# Hedgehog Nicknames~



## Neptune

My boyfriend and I named his Hedgehog Mr. Needlemouse since Sonic was overused and we wanted something unique, so Sonic's original name was perfect. Anyway, this is a topic about Hedgehog nicknames if you give your Hedgehog any nicknames and if there is a reason behind the nickname, I would like to know as well.

Our Hedgehog's nicknames are:
- Poopyfeet
- Grumpy
- Needles

Reason for Poopyfeet was actually from my boyfriend after Needles went on his wheel for the first time when we got him and we saw his feet were full of poop.

Reason for Grumpy was because his grumpy face is really silly, and one day I accidently woke him up and he wasn't happy with me at all.

Reason for Needles was because it's shorter then Mr. Needlemouse.


----------



## sweetergrrrl

Link's nickname is Mr. Grump-a-butt. He is always huffing until he gets settled lol 
Oh, and Stinky Link. I think it's obvious why. 

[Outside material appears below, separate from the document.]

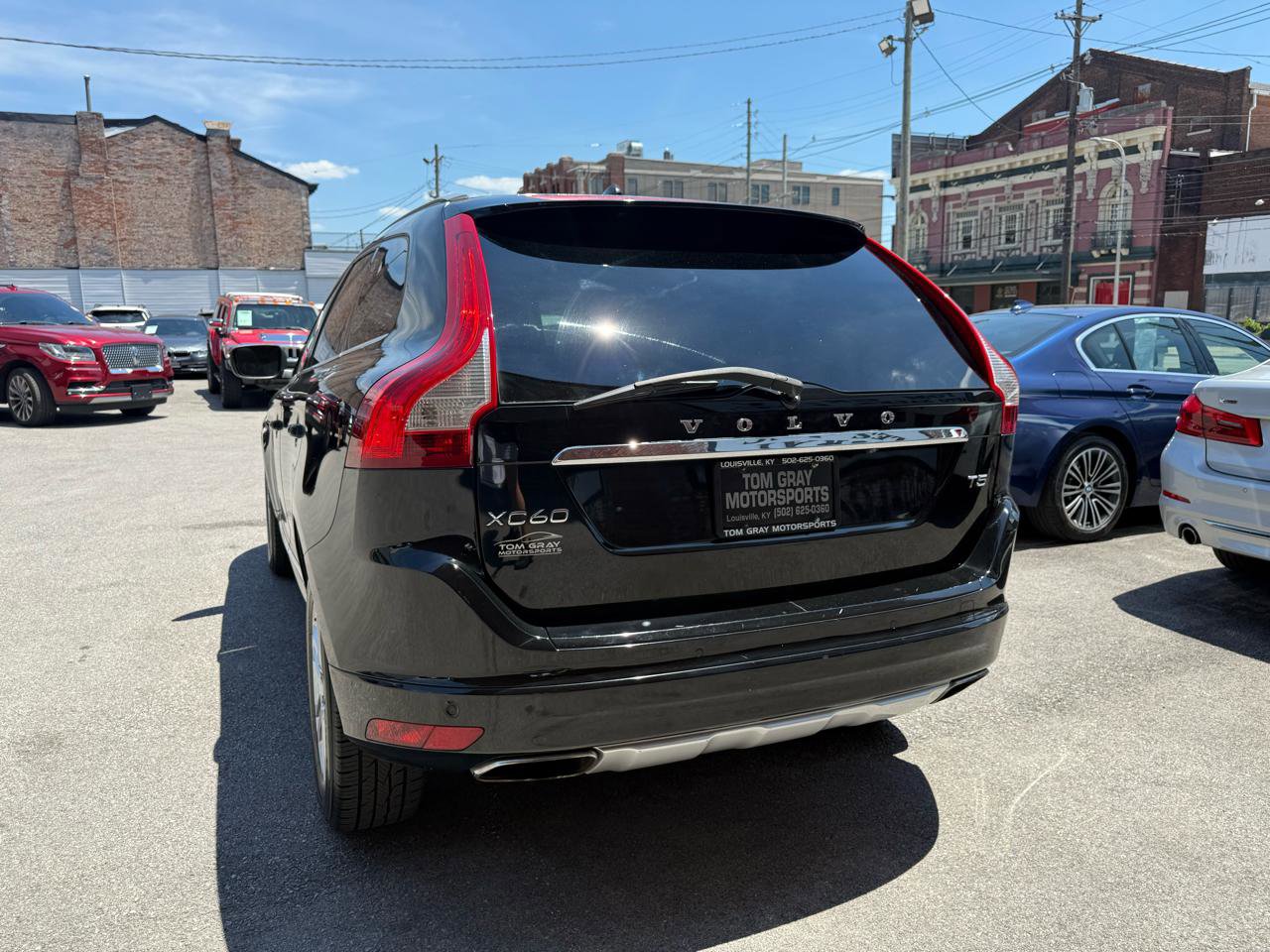 Used 2015 Volvo XC60 T5 Platinum FWD image 4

Navi is mostly just Bits or Little Bit. He is so tiny, I can't get over it lol. :roll:


----------



## AnnabellasMomma

We called our hedgehog Preson ( the daper boy he is) but some how over the weeks i ended up calling him Presto for really no reason, his other nickname is Sir Sass's a lot.


----------



## cardiologineer

One of Zannah's nicknames is Smidgen. This is because she was a rescue and they were calling her that before she came to me because she was so little. She's hardly a Smidgen anymore (she's probably right around average now, I would say) but it's still cute, although I haven't been using it as much now that she's grown so much. 
The other night I was calling her something that seemed really cute and fit her a lot but I can't remember for the life of me what it was. It's been driving me crazy. :lol: 
Other than that I just call her sweetie, missy, honey, love, and baby girl (or baby) a lot.


----------



## moxieberry

Anubis' nickname is "Newbie" - because it's cute and gives her an -ie name to match Zombie, who she's bonded with.

Vendetta's nickname is "Dodo Bird". Because she's tweety, and because Nick is weird. XD

Pseudonym is called "Nym", which also became "Nymph" because she's so petite.

Cerberus is "Kerby" - Nick is responsible for that one, too.

Serenity is "Wren".

Delilah is "Bean" from "Vanilla Bean" because she's an albino.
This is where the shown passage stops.